Case Study

02 Sep 20245 mins

CIOCloud ManagementData Center Management

German optical goods manufacturer Zeiss is pursuing a greenfield approach to its SAP S/4HANA switch, and CIO Carsten Trapp insists on standards and harmonization.

The SAP transformation Zeiss CIO Carsten Trapp wants is not really a big deal for the corporate IT department. “It’s pretty unspectacular for us,” he says. “Like all other companies, we’re doing it right now because SAP will end support for R/3 and become S/4, so at some point you’ll be there.”

After all, Zeiss’ IT has been working on this since 2017, and in 2020, it became clear to the board because this shift would be a big and long-term project with great consequences for the group.

Focus on standards

As things progressed, Trapp deliberately opted for a greenfield approach. “It’s a lifetime opportunity to clean up, because we, too, have messed up our R/3 system over the last 30 years,” he says. By starting over on S/4, his team can set up all processes cleanly in the SAP standard from the start. Plus, he’s declared it a mandatory requirement to stay with this standard wherever possible.

Since the SAP migration doesn’t involve IT transformation as much as a business transformation, Zeiss is working in tandem with other management, so the project is jointly led by IT and the greater business.

Zeiss also chose Microsoft Azure for the platform on which SAP S/4HANA will be operated.

After Trapp’s team secured backing from the board, he had to deal with a lot of change management. “When it became clear we were using the standard — we were no different from anyone else — a big wave of organizational change started,” Trapp says. It was necessary to explain to colleagues from specialist departments that the processes and systems would change. “But actually everything will stay the same, except you might now click on the top right rather than the bottom left,” he adds.

The team worked on a persona level and developed the change in a way that was appropriate for the target group. “We answered questions concerning what it means for the company, specific areas, and for each individual process,” Trapp says.

A template for efficiency

When it came to harmonization, Trapp took a similar approach. “We have four divisions, and I don’t know whether a purchase-to-pay process needs to be different four times,” he says. So his team set about standardizing such processes. IT had proven that this often works and the concept was pushed ahead across the group.

“We’ve come a long way with standardization and harmonization,” he says. “We’ve built a template in the standard and only deviated from it for things that were absolutely necessary.” And each of these deviations was checked by a design authority and approved individually.

So far, Zeiss has rolled out three pilots, with the last go-live scheduled for October 2024. “We chose these four pilots to see the company’s specifics once.” The pilots are structured based on an organization:

  • that did not previously have SAP.
  • that manages the sales and services business across all segments and sells products from all divisions.
  • that’s strongly focused on production.
  • with a strong shared service history.
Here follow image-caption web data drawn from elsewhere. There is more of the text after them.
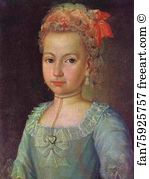 Grigory Ostrovsky Art Print - Portrait Of Anna Lermontova At The Age Of 5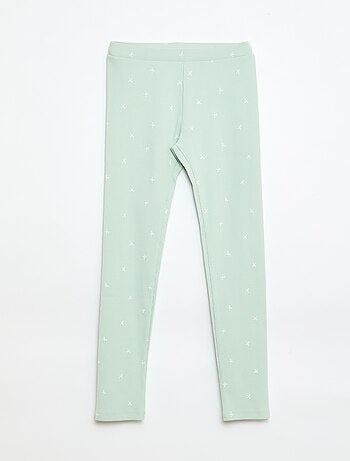 Legging canelado com padrão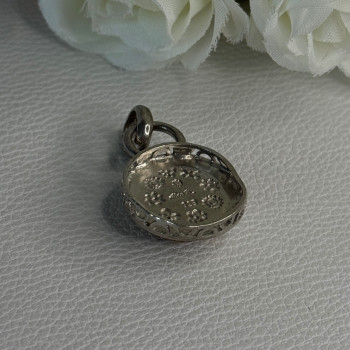 925 Sterling Silver Amber Carved Flower Pendant Length 1.25 Inch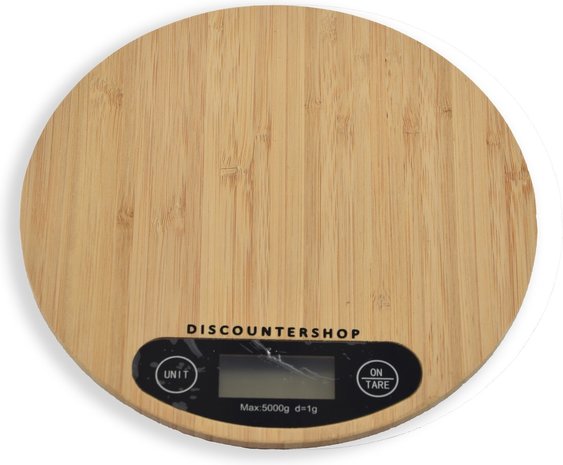 Merkloos Bamboo Kitchen Scales digital - Round - Up to 5 Kg - Kitchen Scales - Scale
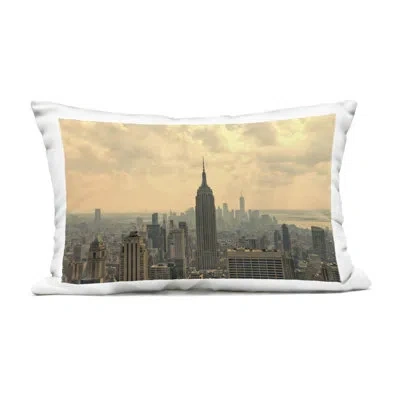Stupell Industries Nyc Skyline With Clouds Outdoor Printed Pillow Design By Lsr Creative Studio In Beige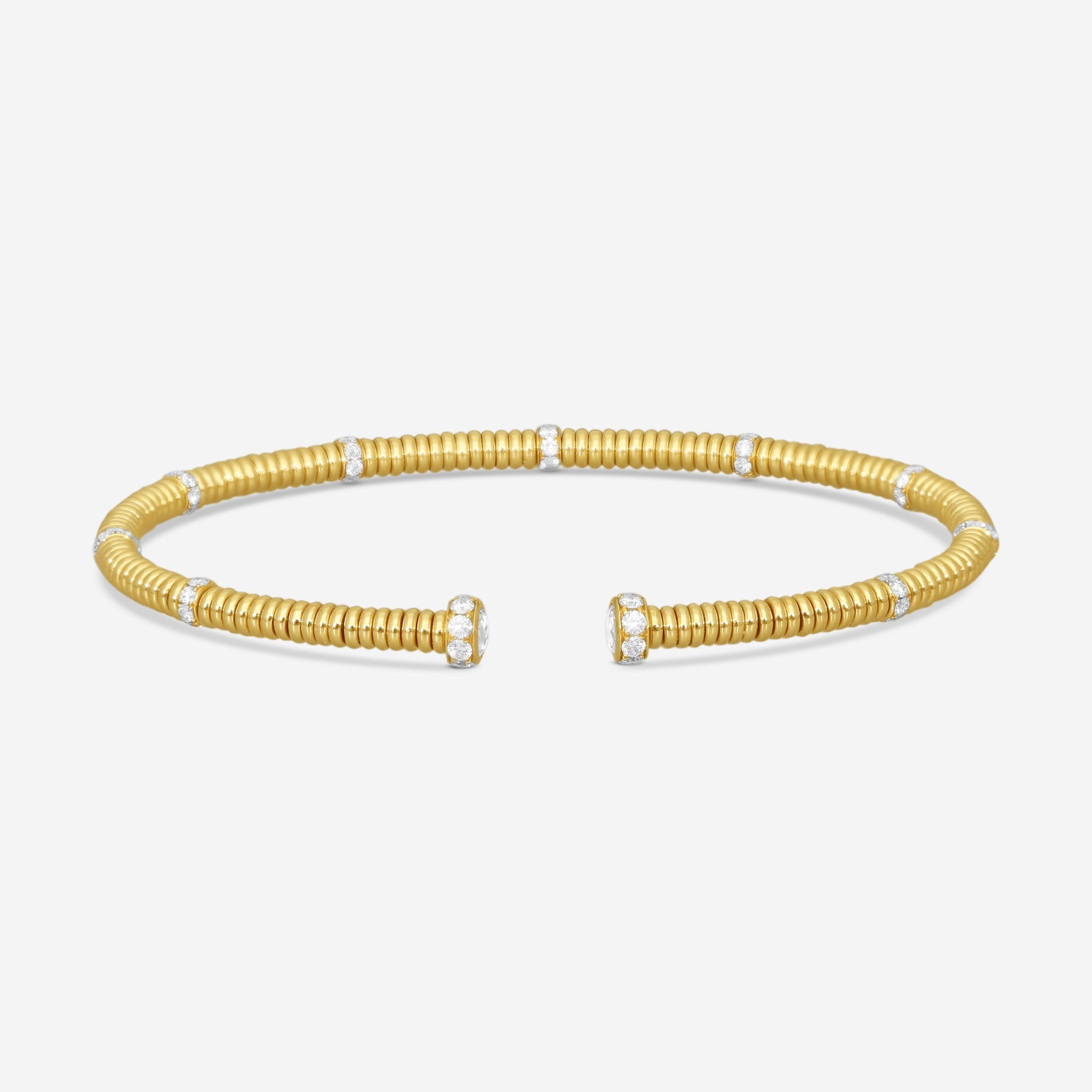 Lugano 18K Yellow Gold Diamond Cuff Bracelet 226-43 - THE SOLIST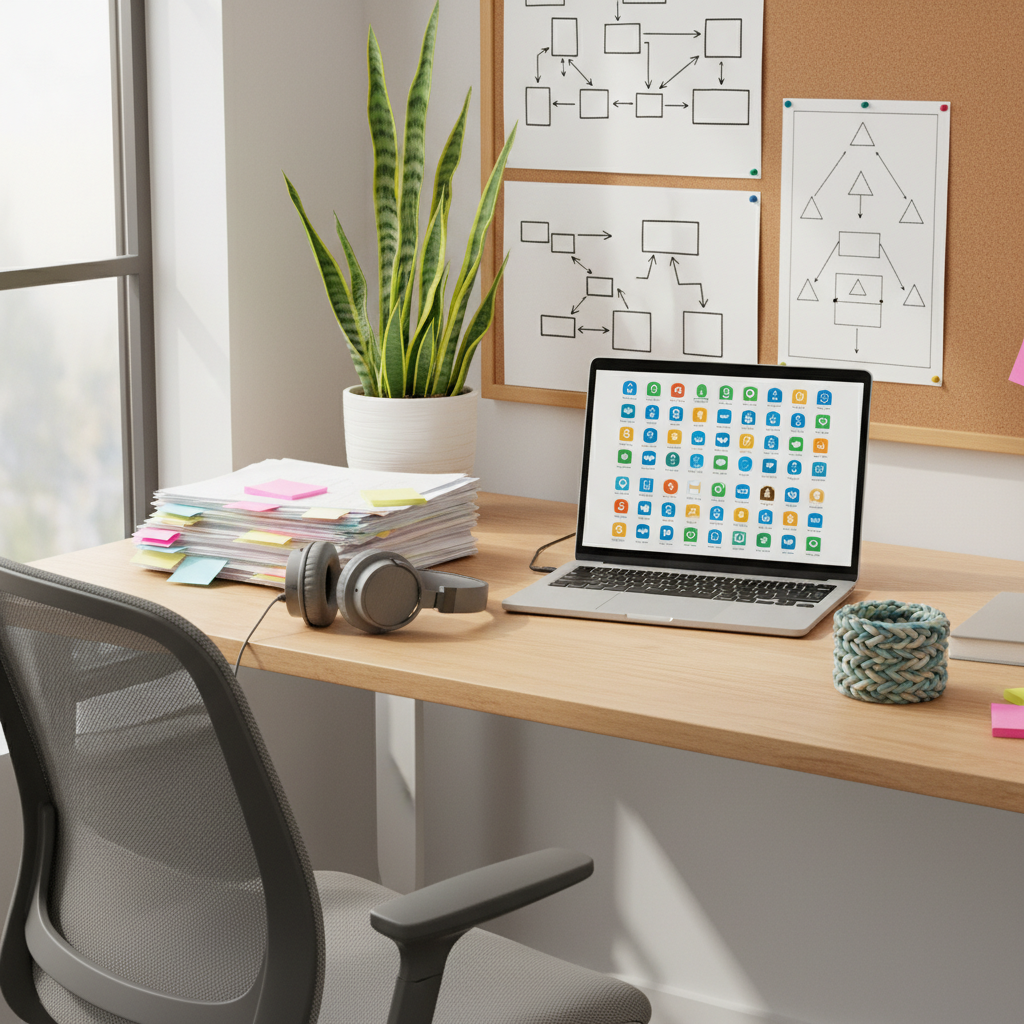 A modern, sunlit home office desk set up for autism communication research and planning. An open laptop displays a colorful, icon-based chart (no readable text), surrounded by neatly stacked research papers marked with pastel sticky notes, noise-cancelling headphones, and a small tactile fidget object made of braided fabric. A potted plant adds greenery near the monitor, and a corkboard in the background is covered with diagrams of communication strategies illustrated only with shapes and arrows. Soft, indirect daylight from a nearby window creates a calm, focused ambiance. Photographic realism, shot from an eye-level angle with balanced composition, emphasizing professional expertise combined with everyday parenting practicality.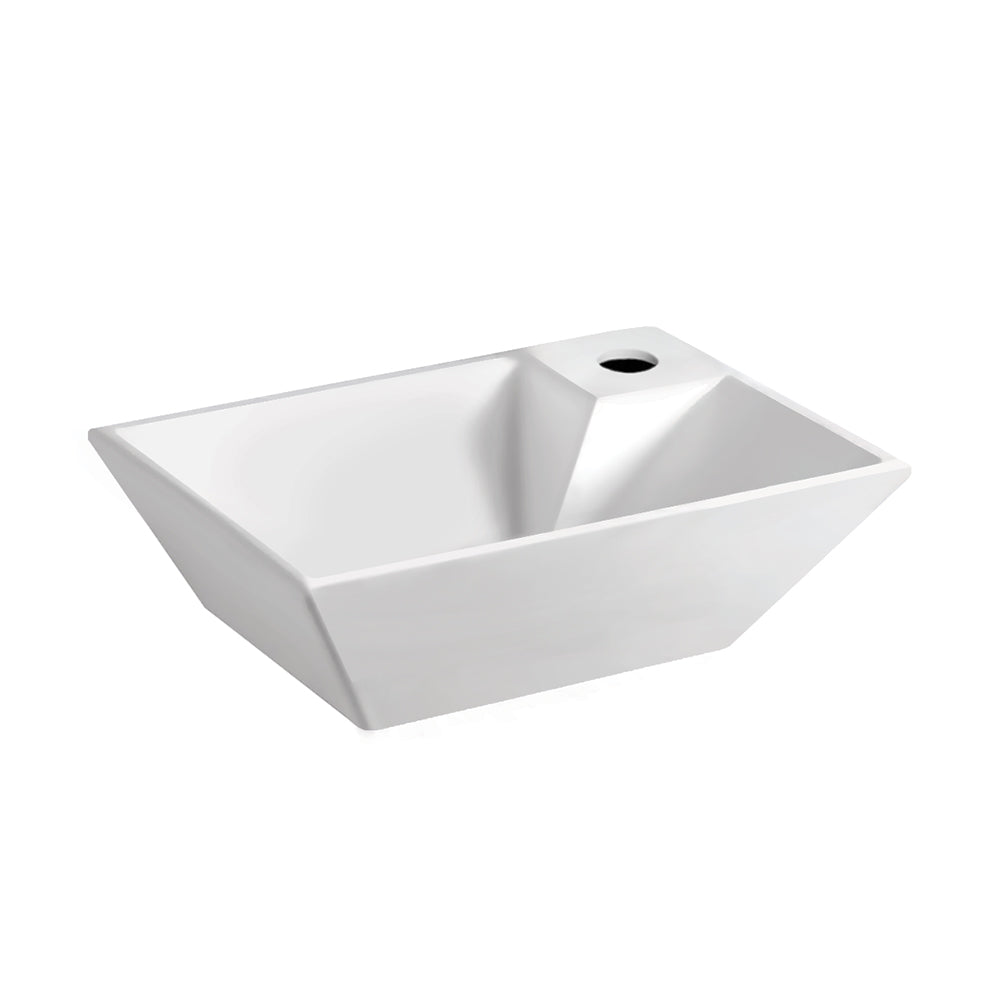 Isabella Collection 14&quot; Rectangular Wall Mount Basin with a Right Offset Single Faucet Hole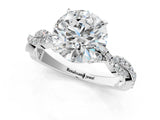 White gold Round Solitaire Twisted Pave Band with Four-Prong Setting_24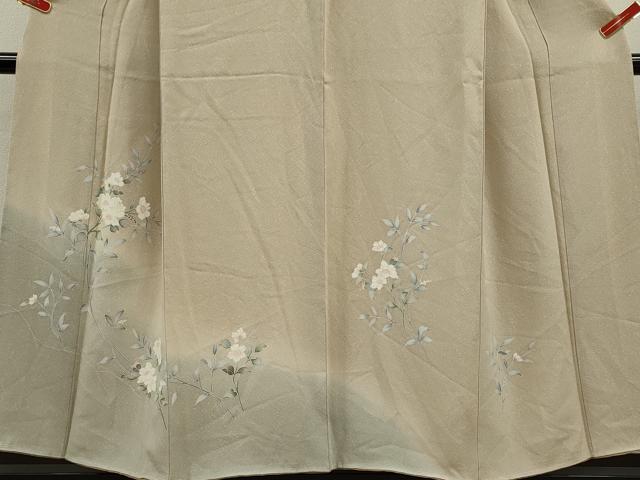 平和屋着物■訪問着　友禅　枝花文　たたき染め　正絹　逸品　CABD9642ze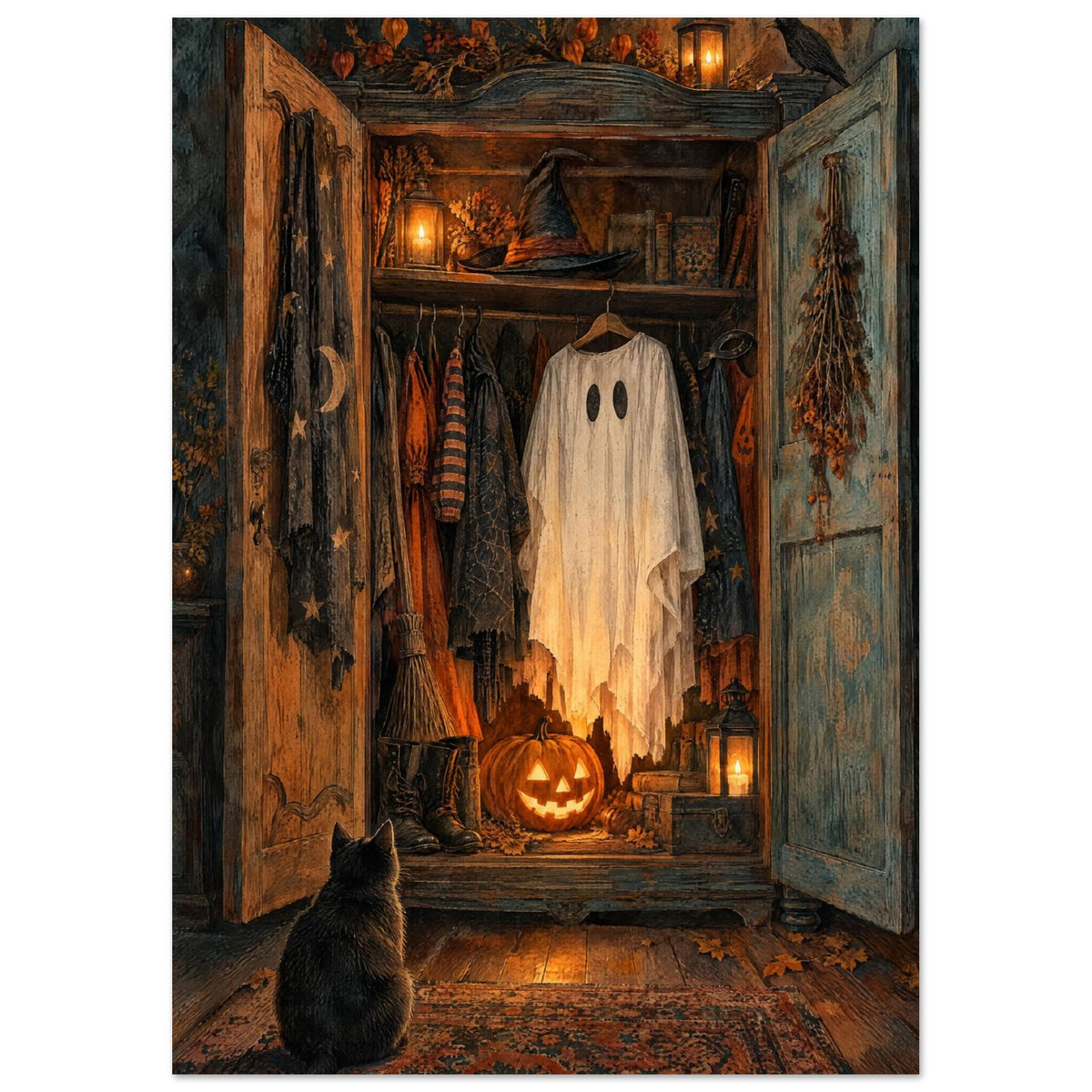 Open wooden cupboard with a ghost costume, witch’s hat, glowing pumpkin and lanterns, with a black cat sitting in front.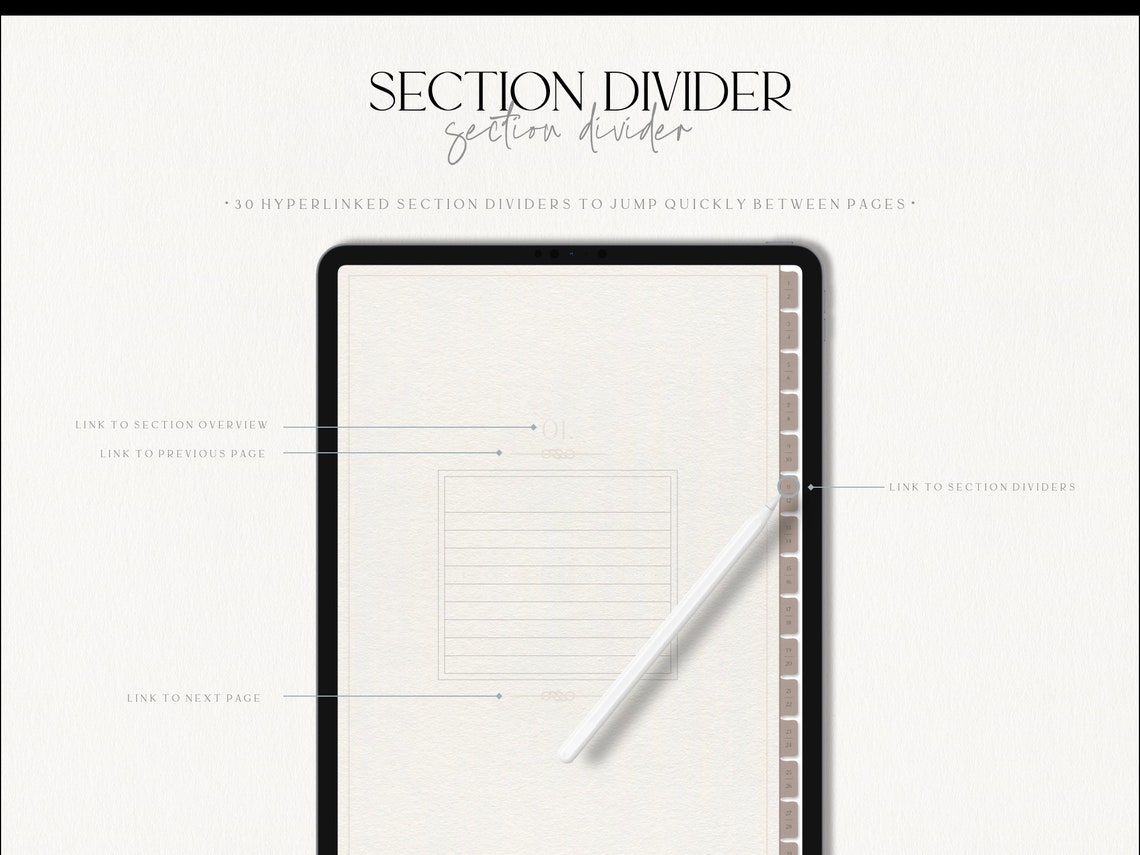 Digital Notebook 30 Hyperlinked Tabs Digital Notes Etsy UK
Trapp’s team collected evidence step by step that the new standardized SAP template works in different areas of the company. On this basis, Zeiss can begin rolling out the SAP template to more than 150 entities worldwide by 2030 from October.

SAP licensing in phases

The first six early adopters among the entities to receive the template after the pilot phase are already being looked after by the project team in a so-called initiation phase. “Through an assessment from both the business and technical side, the roll-in readiness of the respective entity is assessed before the actual roll-in begins,” he says. “For example, the surrounding systems are identified so we know which data from which systems we need to migrate.”

In the roll-in phase, IT should make the system world S/4-ready with the respective candidate, while the existing R/3 system still runs in parallel. This means getting the system and data ready for the new solution, and training the users. This is followed by the technical go-live after tests, and finally the business go-live, after which the old system will no longer be accessible. According to Trapp, the handover to the operations team marks the end of the roll-in after the successful completion of the hypercare phase.

Employees are trained internally using self-created training materials, and have access to classroom, individual, and process SAP training on site and via video. “These training courses are also managed by our IT department because we’ve established as a qualification concept within the group that only trained people with an SAP license are allowed to operate the system,” says Trapp.